In fairness to Romney, the Congressional Budget Office (CBO) says that cutting the payroll tax on the business side would do more to help hiring, so at least he has some empirical support for his position. But that kind of cut wouldn’t help working people at all. It would only help the unemployed in a slightly more efficient way. It turns out, for Republicans, tax cuts to help working people are no good. Watch them compare a temporary payroll tax holiday to the ‘temporary’ Bush income tax cuts that created a windfall for the rich and a smoking crater for our fiscal health:
Republicans cite key differences between the two “temporary” taxes, starting with the fact that the Bush measure had a 10-year life from the start. To stimulate job growth, these lawmakers say, it’s better to reduce income tax rates for people and for companies than to extend the payroll tax break.
“We don’t need short-term gestures. We need long-term fundamental changes in our tax structure and our regulatory structure that people who create jobs can rely on,” said Sen. Lamar Alexander, R-Tenn., when asked about the payroll tax matter.
House Majority Leader Eric Cantor, R-Va., “has never believed that this type of temporary tax relief is the best way to grow the economy,” said spokesman Brad Dayspring.
Notice Sen. Lamar Alexander’s (R-TN) focus on “people who create jobs.” Those are the only people who deserve tax cuts. If anyone else gets them, it should be restricted to those who pay federal income taxes, and then probably only as a concession to win the political support needed for the “job creators'” tax cuts.
Remember how the Republicans always insist, contrary to all available evidence, that cutting taxes will grow the economy and raise revenue for the government’s coffers? Well, not when the tax cuts help the poor and working class.
The 12-month tax reduction will cost the government about $120 billion this year, and a similar amount next year if it’s renewed.
That worries Rep. David Camp, R-Mich., chairman of the tax-writing Ways and Means Committee, and a member of the House-Senate supercommittee tasked with finding new deficit cuts. Tax reductions, “no matter how well-intended,” will push the deficit higher, making the panel’s task that much harder, Camp’s office said.
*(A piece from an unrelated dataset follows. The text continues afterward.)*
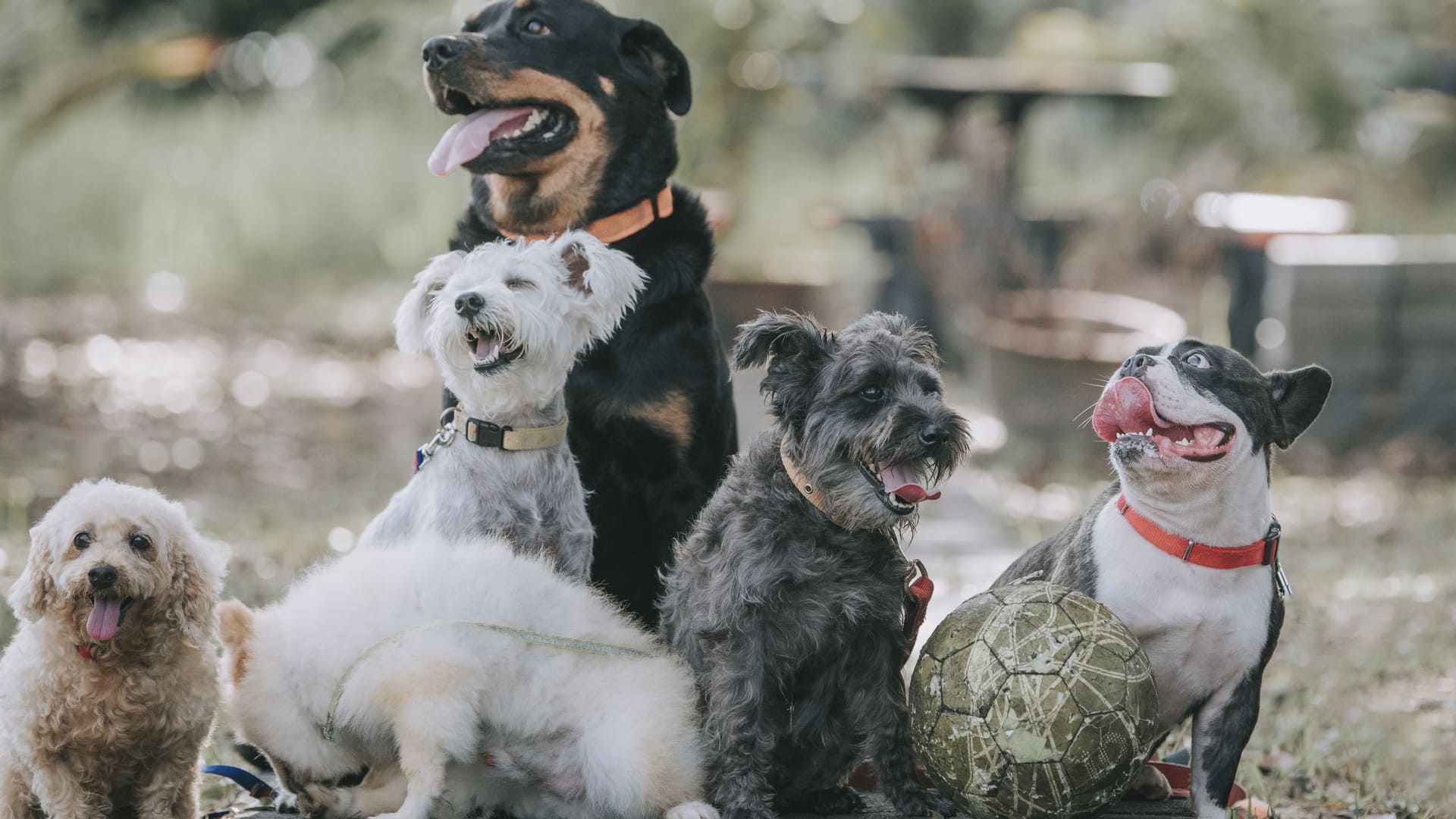 Races de chien officielles (SCC)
This is exactly backwards. The GOP is right that some tax cuts can help grow the economy, but most tax cuts do exactly what they seem to do…the government collects less in taxes and therefore has less revenue and bigger deficits. The logical conclusion is that most tax cuts cost the government more than they can recoup from stronger economic growth. That’s what happened under Reagan and that’s what happened under Bush and that is what has happened under Obama, who has not so far been able to end Bush’s tax cuts for the wealthiest 3% of Americans. It was Clinton’s presidency, where taxes were increased on the wealthy, that saw us balance the budget and start paying down the debt. When that happened, the Republicans said the government obviously was taxing us too much if they had so much money that they could pay our bills off.
The reason tax cuts for the rich don’t pay for themselves is not that complicated. First, a four percent cut on a billion dollar income is far more money than can be made up for by reinvestment, even if that investment creates a few jobs. Second, very rich people are already spending at about the levels they want to spend, so a tax cut isn’t going to spur much consumption and create jobs through increased demand. And, even if they do spend a little more, giving someone a $400 million tax cut will not improve the coffers just because they then buy an extra yacht, home, or private plane.
On the other hand, unemployed people are expensive. Creating tax incentives to spur hiring (as acknowledged above) can actually help the treasury’s bottom line. Giving people money that they will quickly spend can spur demand and lead to lower unemployment.
But the Republicans don’t care about sensible tax policy, which is why we go broke whenever they have power. We go broke. The CEO’s and other ‘job creators’ do fabulously well.
So, spread the news around. The Republicans have shown their true colors. Any idiot can see what they’re about.